● Task directions
Print, exactly as they appear in the listing below, the lines from the line with "Scratch and Peck" to the line with "LG 1.5 Ton 5", with both end lines kept.
======== Data for this exercise ========
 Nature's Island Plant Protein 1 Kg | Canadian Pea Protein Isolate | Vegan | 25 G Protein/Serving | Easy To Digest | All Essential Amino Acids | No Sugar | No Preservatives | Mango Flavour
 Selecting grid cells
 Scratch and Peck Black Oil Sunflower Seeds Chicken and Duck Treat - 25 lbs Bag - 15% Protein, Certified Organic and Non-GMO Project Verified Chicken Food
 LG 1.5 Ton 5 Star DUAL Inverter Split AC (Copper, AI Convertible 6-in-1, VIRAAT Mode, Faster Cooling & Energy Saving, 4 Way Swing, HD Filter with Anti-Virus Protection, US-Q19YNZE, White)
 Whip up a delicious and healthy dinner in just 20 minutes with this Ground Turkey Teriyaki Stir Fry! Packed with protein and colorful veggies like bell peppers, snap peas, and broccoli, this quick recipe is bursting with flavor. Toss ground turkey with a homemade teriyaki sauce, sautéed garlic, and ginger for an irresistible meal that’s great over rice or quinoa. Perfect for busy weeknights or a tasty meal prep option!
========
======== Data for this exercise ========
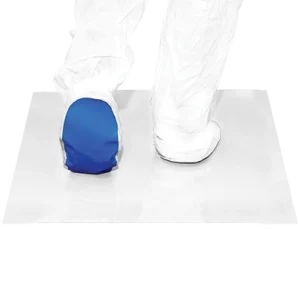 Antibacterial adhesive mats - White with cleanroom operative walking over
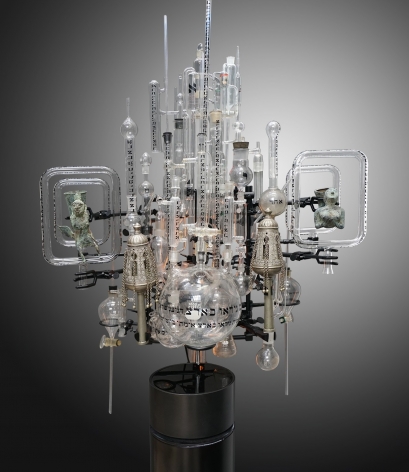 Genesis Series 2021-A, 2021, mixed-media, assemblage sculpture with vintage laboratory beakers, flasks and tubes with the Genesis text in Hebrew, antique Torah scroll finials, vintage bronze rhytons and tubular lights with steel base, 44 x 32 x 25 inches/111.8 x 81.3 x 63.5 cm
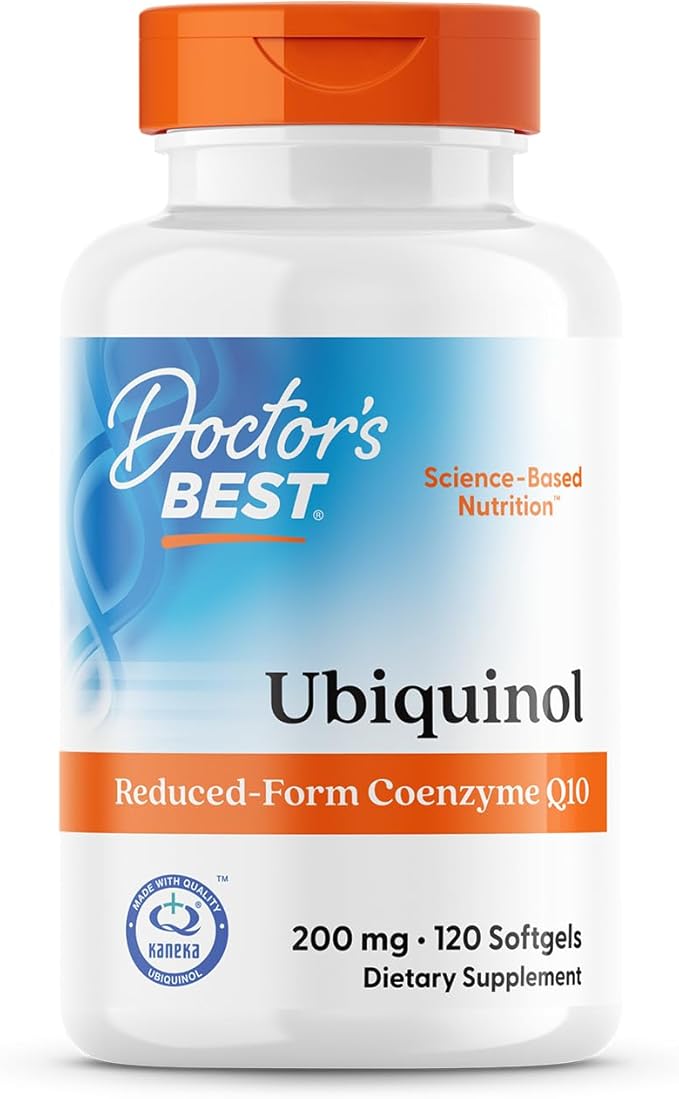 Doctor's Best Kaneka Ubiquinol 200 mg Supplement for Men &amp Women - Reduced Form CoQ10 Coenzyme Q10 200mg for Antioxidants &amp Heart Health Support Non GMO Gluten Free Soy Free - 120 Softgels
========
======== Data for this exercise ========
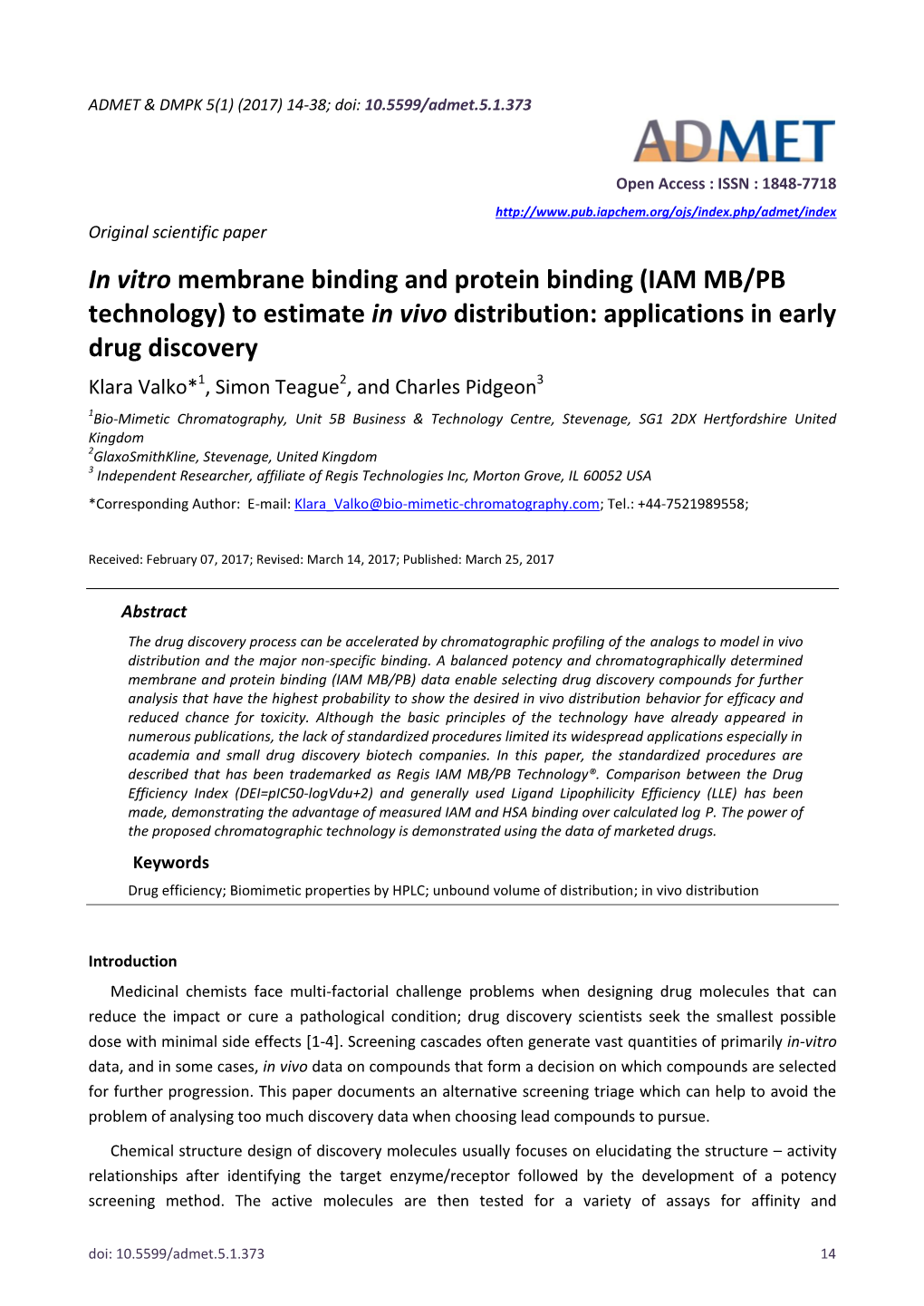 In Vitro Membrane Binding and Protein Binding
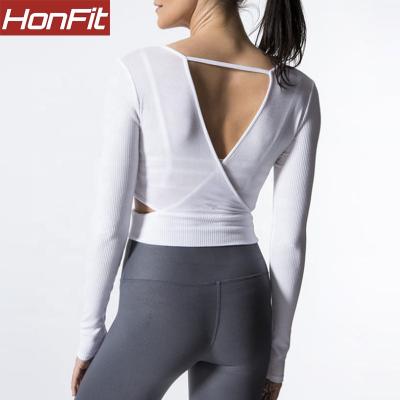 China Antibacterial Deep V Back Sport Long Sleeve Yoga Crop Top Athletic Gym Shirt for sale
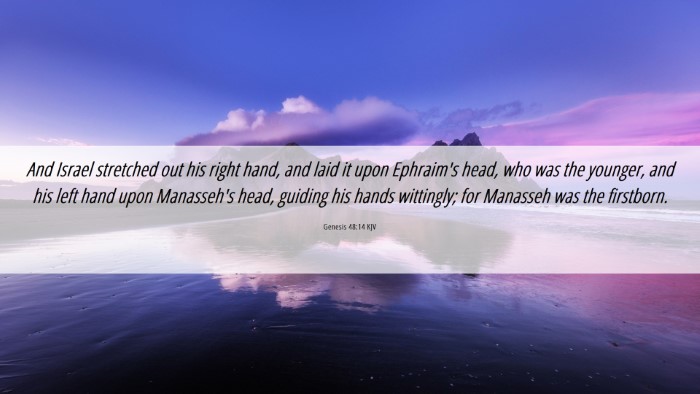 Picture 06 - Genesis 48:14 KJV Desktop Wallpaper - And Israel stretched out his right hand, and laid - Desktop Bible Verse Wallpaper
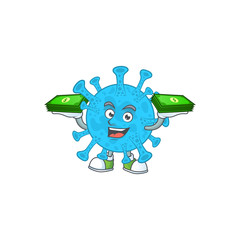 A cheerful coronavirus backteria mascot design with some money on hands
========
● Result of the task
 Scratch and Peck Black Oil Sunflower Seeds Chicken and Duck Treat - 25 lbs Bag - 15% Protein, Certified Organic and Non-GMO Project Verified Chicken Food
 LG 1.5 Ton 5 Star DUAL Inverter Split AC (Copper, AI Convertible 6-in-1, VIRAAT Mode, Faster Cooling & Energy Saving, 4 Way Swing, HD Filter with Anti-Virus Protection, US-Q19YNZE, White)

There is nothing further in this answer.